Double Versus Single Stenting for Coronary Bifurcation LesionsCLINICAL PERSPECTIVE
Background— Several trials have addressed whether bifurcation lesions require stenting of both the main vessel and side branch, but uncertainty remains on the benefits of such double versus single stenting of the main vessel only.
Methods and Results— We have conducted a meta-analysis of randomized trials including patients with coronary bifurcation lesions who were randomly selected to undergo percutaneous coronary intervention by either double or single stenting. Six studies (n=1642 patients) were eligible. There was increased risk of myocardial infarction with double stenting (risk ratio, 1.78; P=0.001 by fixed effects; risk ratio, 1.49 with Bayesian meta-analysis). The summary point estimate suggested also an increased risk of stent thrombosis with double stenting, but the difference was not nominally significant given the sparse data (risk ratio, 1.85; P=0.19). No obvious difference was seen for death (risk ratio, 0.81; P=0.66) and target lesion revascularization (risk ratio, 1.09; P=0.67).
Conclusions— Stenting of both the main vessel and side branch in bifurcation lesions may increase myocardial infarction and stent thrombosis risk compared with stenting of the main vessel only.
Received March 24, 2009; accepted July 22, 2009.

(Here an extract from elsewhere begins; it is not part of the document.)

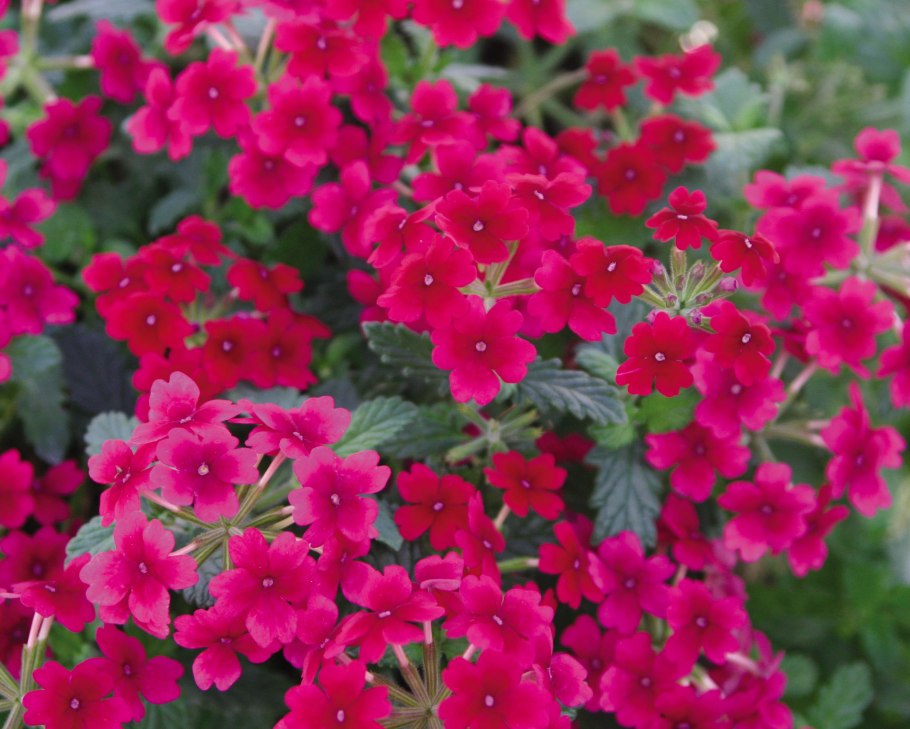 Вербена кварц бордо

Percutaneous coronary intervention (PCI) of bifurcation lesions remains a subject of debate in terms of optimum treatment technique. Balloon angioplasty and bare metal stents have gradually been replaced by drug-eluting stents.1–6 When stenting is used, a major question is whether both the main vessel and the side branch should be stented. Such double stenting is appealing because it produces attractive postprocedural angiographic results. However, there have been concerns about long-term major adverse cardiac events and, in particular, stent thrombosis with adjacent stents. Among several randomized trials published so far,7–13 the deployment of an additional stent on the side branch of a bifurcation lesion has never been shown to result in significantly improved clinical outcomes as initially hypothesized. These trials, however, have been of too limited a sample size to allow robust conclusions, when seen in isolation. A synopsis of 3 randomized and 3 observational comparisons failed to detect any significant differences between double and single stenting in a bifurcation.14 However, several other trials have appeared recently. We have, therefore, performed a meta-analysis of randomized trials to examine the relative outcomes of the double versus single stenting strategies for bifurcation lesions in terms of mortality, myocardial infarction, stent thrombosis, and target lesion revascularization.
Clinical Perspective on p 409
Study Eligibility and Selection
We have conducted a meta-analysis of randomized trials including patients with coronary bifurcation lesions who were randomly selected to undergo PCI by either single stenting of the main vessel only (simple strategy) or double stenting of both the main vessel and the side branch (complex strategy) with any PCI technique. For study selection, we searched PubMed, using the terms bifurcation, coronary, and stent (last update, February 26, 2009). In addition, we used the same terms to locate potentially eligible studies in the Cochrane Central Register of Controlled Trials and the Clinical Trials Registry (www.clinicaltrials.gov), through which data available in presentation and/or abstract form of conferences were also considered for eligibility screening. Two investigators (D.G.K. and G.C.M.S.) independently evaluated search results for eligible studies, which were then scrutinized in full text. A third investigator (J.P.A.I.) commented on their discrepancies. We included trials regardless of the location of the bifurcation lesions in the coronary artery tree and regardless of the clinical presentation (acute or stable). Randomized studies that compared percutaneous coronary balloon angioplasty only versus PCI of the main vessel with provisional stenting of the side branch, as well as studies that compared different techniques of stenting of both bifurcation branches were excluded. Nonrandomized and non-English language studies were excluded.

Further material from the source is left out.